Bunun üzerine Resulullah Aleyhissalâtü Vesselam da, “Biz, Musa’nın sünnetini ihyaya sizden daha çok yakın ve hak sahibiyiz” buyurdu ve o gün oruç tuttu, tutulmasını da emretti. (İbni Mâce. Sıyam: 31)
Aşure günü yalnız ehl-i kitap arasında değil, Nuh Aleyhisselâmdan itibaren mukaddes olarak biliniyor, İslâm öncesi cahiliye dönemi Arapları arasında İbrahim Aleyhisselâmdan beri mukaddes bir gün olarak kabul ediliyor ve oruç tutuluyordu.

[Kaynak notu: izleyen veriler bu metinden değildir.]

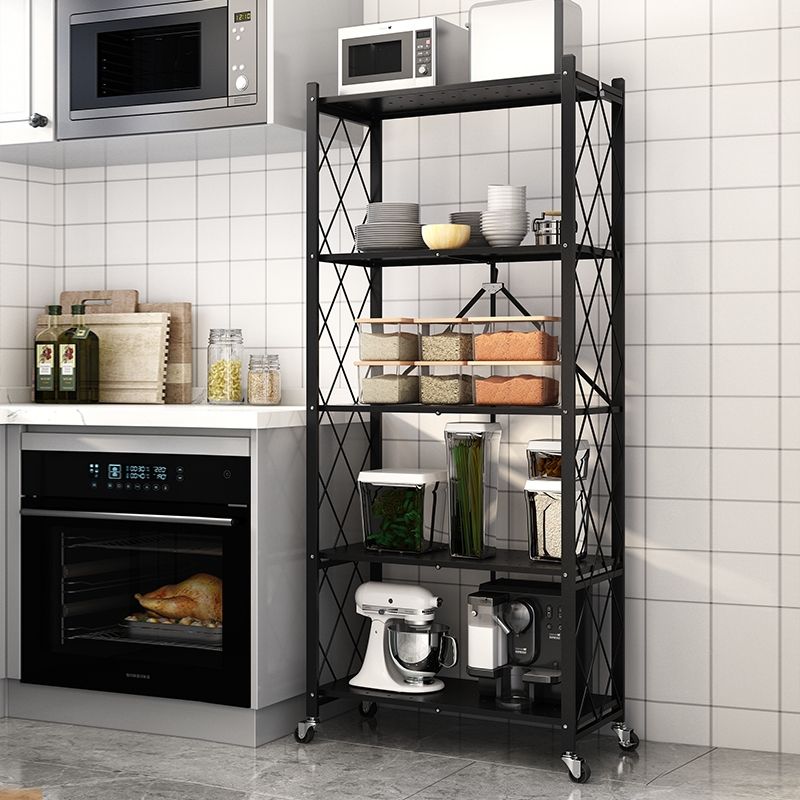 Étagère pliable à 5 niveaux en acier inoxydable sur quatres roues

Bu hususta Hazret-i Âişe Validemiz şöyle demektedir:
“Aşure, Kureyş kabilesinin cahiliye döneminde oruç tuttuğu bir gündü. Resulullah da buna uygun hareket ediyordu. Medine’ye hicret edince bu orucu devam ettirdi ve başkalarına da emretti. Fakat Ramazan orucu farz kılınınca kendisi Aşure gününde oruç tutmayı bıraktı. Bundan sonra Müslümanlardan isteyen bugünde oruç tuttu, isteyen tutmadı.” (Buharî, Savm: 69)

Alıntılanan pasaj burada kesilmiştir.